That Joel Thibodeau’s slender, winsome voice is at once so comforting and so unsettling might be the greatest of his many strengths. Reed-thin but sturdy, youthful but somehow ageless, its deep benevolence is also slightly eerie, and the way he gently walks the line between intense feeling and contemplative remove lets him sing from a timeless place where he evokes the beauty of vanished people and places, sweetness too profound for words, loss too great for tears.
Like Nico’s, Jimmy Scott’s, or Phil Elverum’s, Joel’s is a voice that demands its own sonic and lyrical world, and with Island Intervals, his third record as Death Vessel (and second for Sub Pop), we’re treated to the sound of him finding a rich and strange new home among new friends in Iceland who probably saw him as a long-lost relative. Joel’s an inveterate and intuitive wanderer; when I met him years ago, he’d just spent a few months traveling the United States on Greyhound buses, sometimes sleeping rough, and making a record from found moments. I remember he had an otherworldly quality about him that I couldn’t quite name, like he’d just blown in on the wind.
Island Intervals springs from a more recent journey. For his first album since 2008’s acclaimed Nothing Is Precious Enough for Us, Joel traveled to Reykjavík on an invitation from Sigur Rós singer Jónsi and producer Alex Somers, where they spent three months together conjuring an album that’s both a song cycle and a window into a mysterious and singular landscape. From the creaking bellows of the pump organ that opens the astonishing, hymn-like “Ejecta,” to the fragmented voices that sway and swirl through the closing “Loom,” Island Intervals wraps Joel’s voice and furtive guitar in sounds that evoke not so much a band playing as elemental forces of earth and water; multi-instrumentalist Pete Donnelly (The Figgs, NRBQ) along with percussionists Samuli Kosminen (Múm) and Thorvaldur “Doddi” Thorvaldsson assist Somers in creating a rich and multi-layered world that sounds, at times, like a well-tuned forest sighing and bending in a gale, or the deep cracks and booms of a glacier calving its way to the sea.
Along the way, one revelation after another approaches and withdraws, as each song shifts between sonic vistas so vast and deep they inspire head-shaking awe and a focused closeness so intense that it seems equally grand. It’s like a sonic version of the short film Powers of Ten and clearly the product of obsessive effort, but it all feels very alive in a way I’ve never quite heard before. Joel somehow captures the moments of life when we see ourselves most clearly in realizing who we aren’t, moments of opening doors with joy and closing them with respect, and of the terrors and delights of glimpsing our own lives in a universal context. Songs like “Mercury Dime” and “Island Vapors” tumble headlong and downhill, while “Ilsa Drown,” a collaboration with Jónsi, captures the unearthly delirium of a climb above tree line. That’s a hell of a bar to rise to lyrically, but Joel does it again and again, with tangles of words knotted into language that evokes a stuttering clarity.

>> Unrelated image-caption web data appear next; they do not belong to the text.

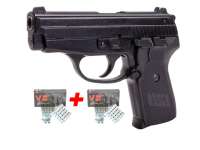 Spar-Set Sig Sauer P239 schwarz Kal. 9 mm P.A.K. Spar-Set Sig Sauer P239 schwarz Kal. 9 mm P.A.K.
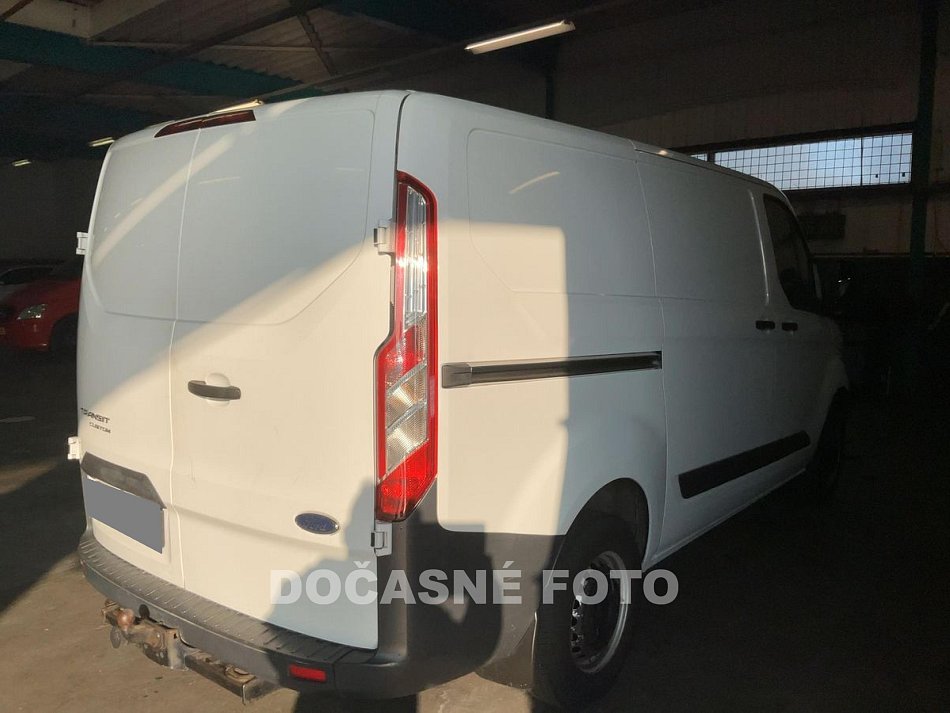 Ford Transit Custom 2.0TDCi  L1H1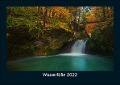 Wasserfälle 2022 Fotokalender DIN A5 - Tobias Becker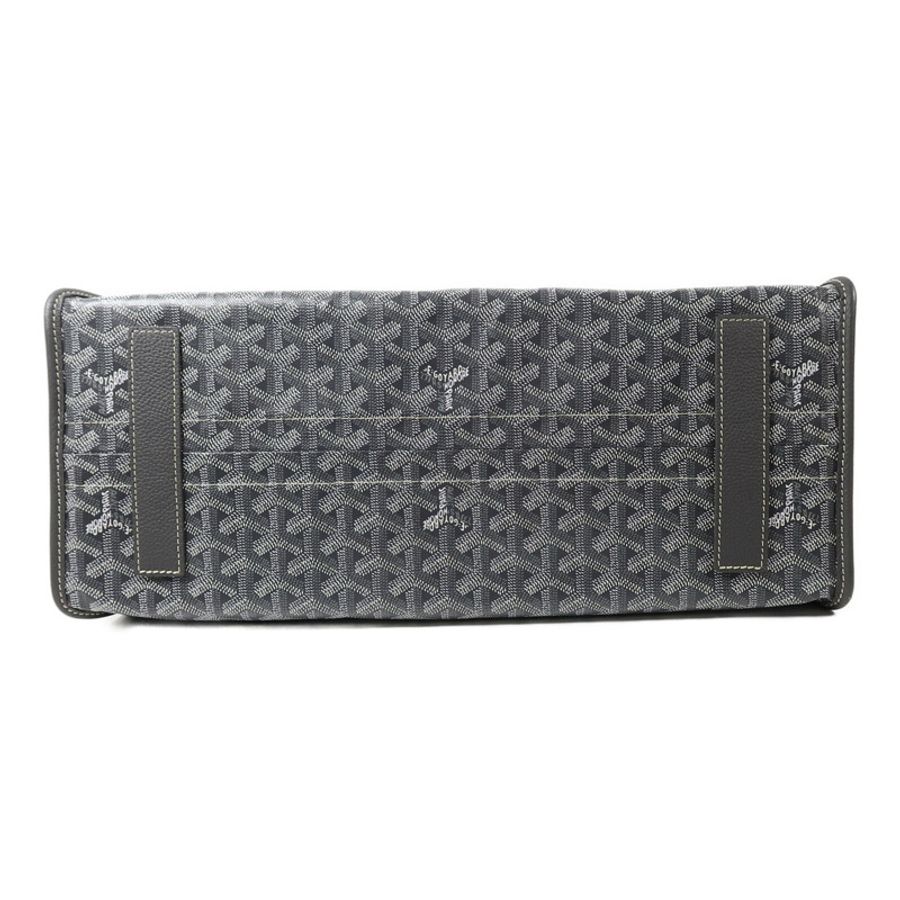 GOYARD 塗層帆布Hardy PM手挽袋-3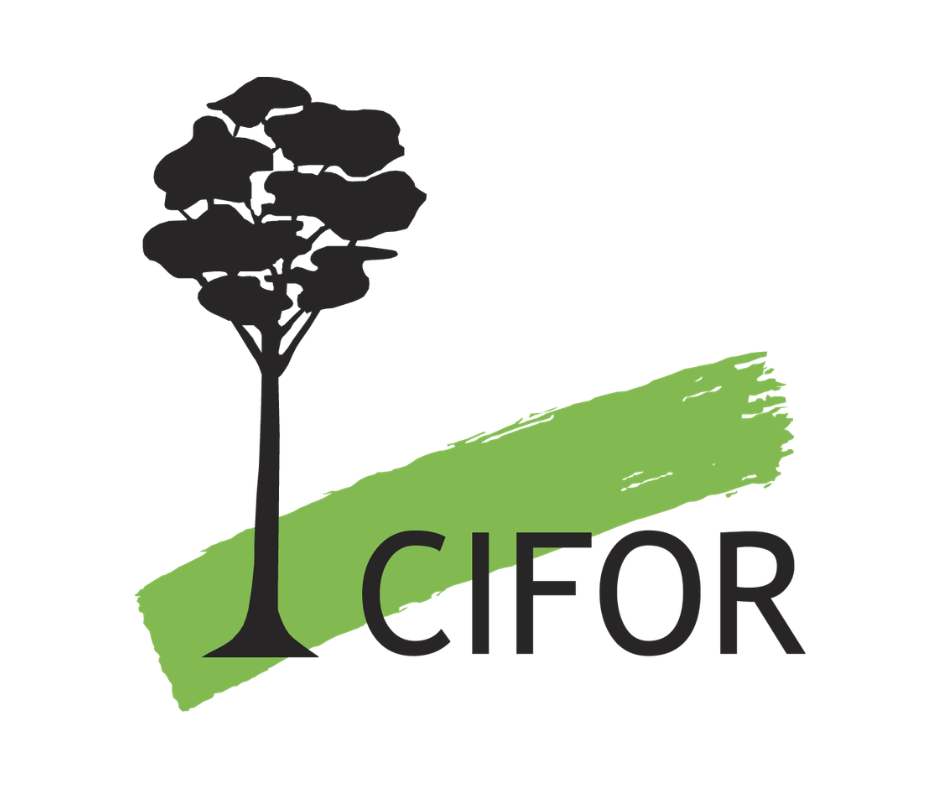 The Center for International Forestry Research (CIFOR) logo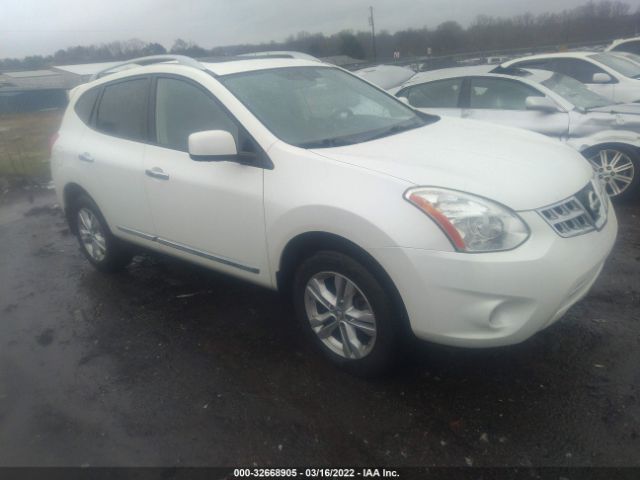 NISSAN ROGUE 2013 jn8as5mt4dw010117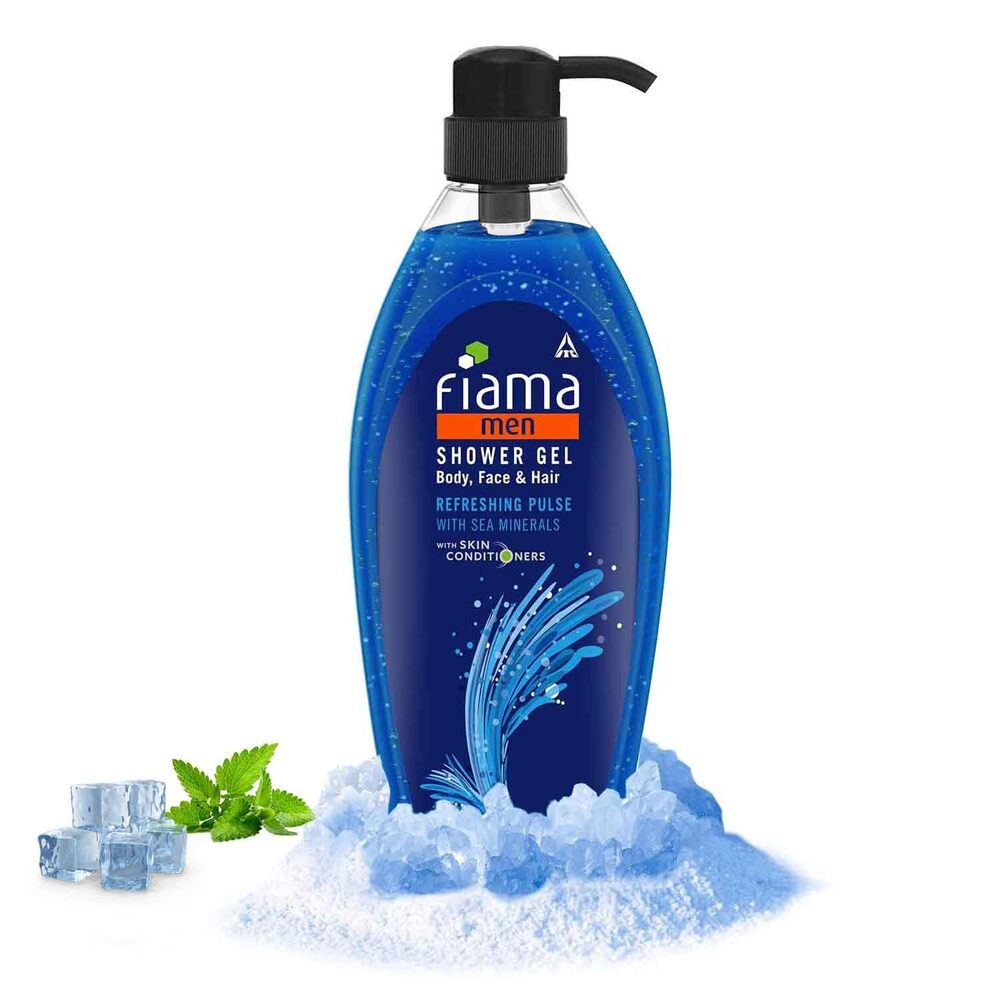fiama men shower gel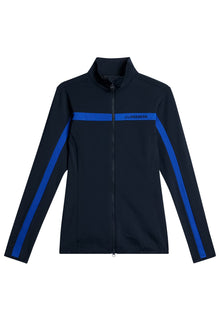 Seasonal Janice Mid Layer in JL Navy by J.Lindeberg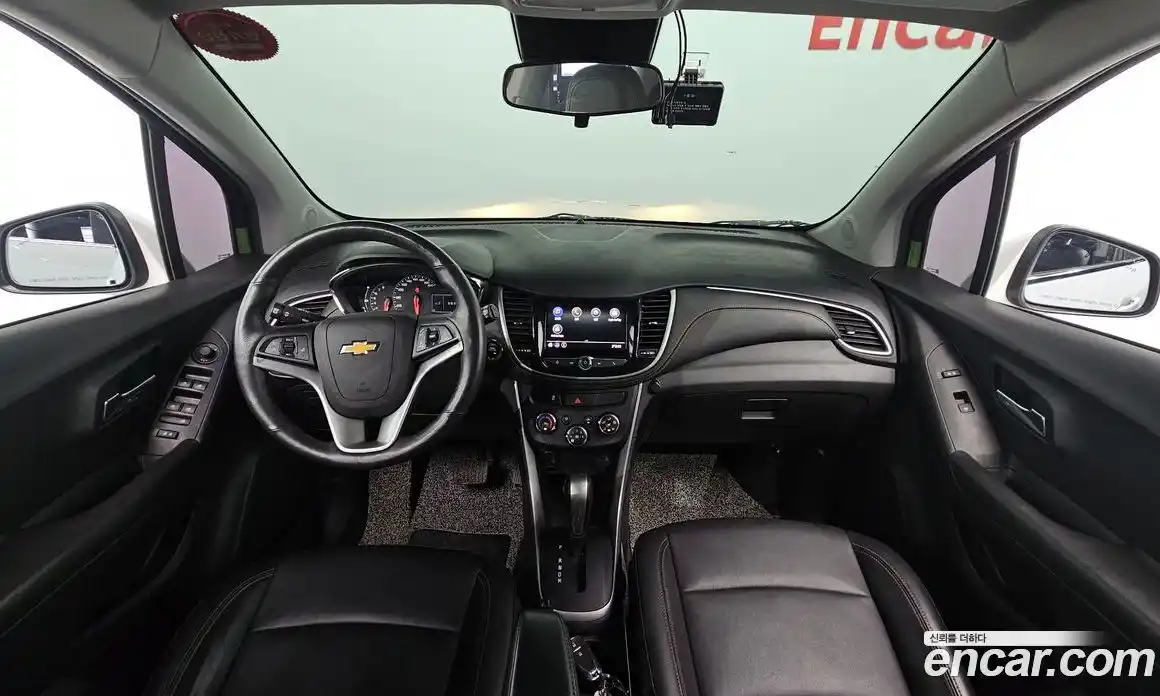 Chevrolet Trax 2020 1.4 Автомат в Москве № 41561, фото 7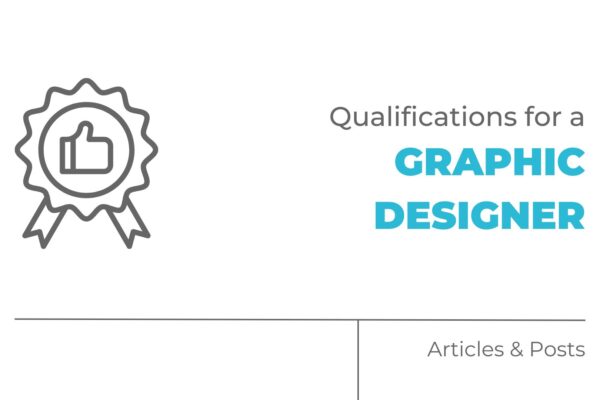 qualifications for graphic designer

But it’s a clarity that can’t last. “I don’t know how to behave when there’s nothing in my way,” he admits in “Loom,” a little ruefully, and it’s easy to imagine him making his bed before dawn and leaving the chorus in a note by the door: “I don’t want to owe you my only open road to goodbye.” And then, just like that, he’s gone. Island Intervals lives in the spaces between running away and letting go, and finds its author embracing a life whose most solid, real moments loom and vanish, like a range of mountains that emerges from a bank of low clouds, and just as suddenly slips away.